AVAILABLE DATA START

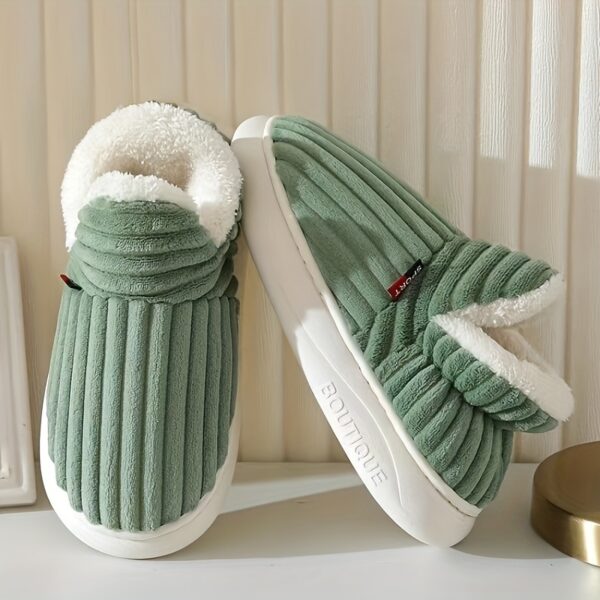 Cozy Winter Plush-Lined Slipper Boots for Women - Thick Sole, Indoor/Outdoor Warmth, Soft Fabric, Available in Gray, Pink, Green, Blue, Brown with EVA Sole, Hand Washable - Image 11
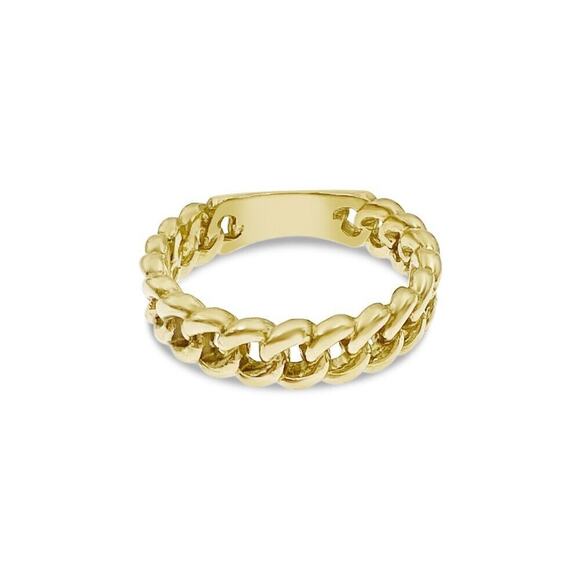 Cuban Link Chain Womens Band Ring 10k Yellow Gold Stackable - Picture 3 of 3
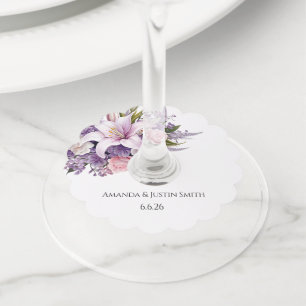 Wedding wine glass tag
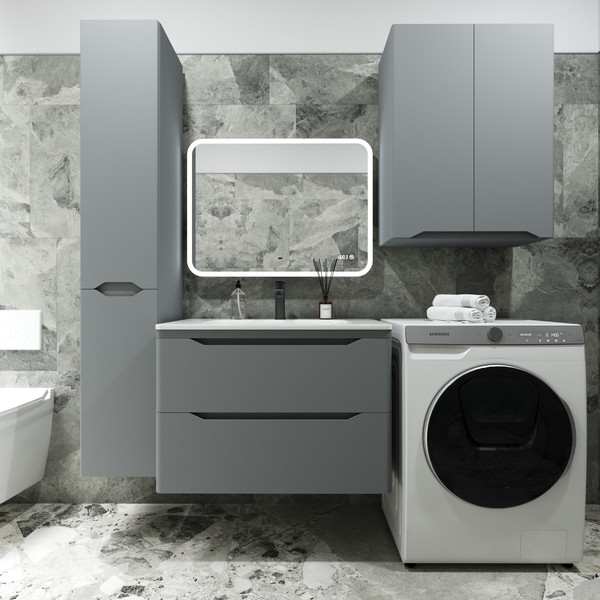 Изображение товара Тумба с умывальником Symbolite Марелла 80 Люкс Plus 2 ящика + Марелла Люкс 80х40 (подвесная, серый)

AVAILABLE DATA END

**TRY IT**.
Please write out, exactly, every line from the line with "Wedding wine glass tag" through the final line of the data above, leaving out pictures.

**FINAL ANSWER**.
 Wedding wine glass tag
 Изображение товара Тумба с умывальником Symbolite Марелла 80 Люкс Plus 2 ящика + Марелла Люкс 80х40 (подвесная, серый)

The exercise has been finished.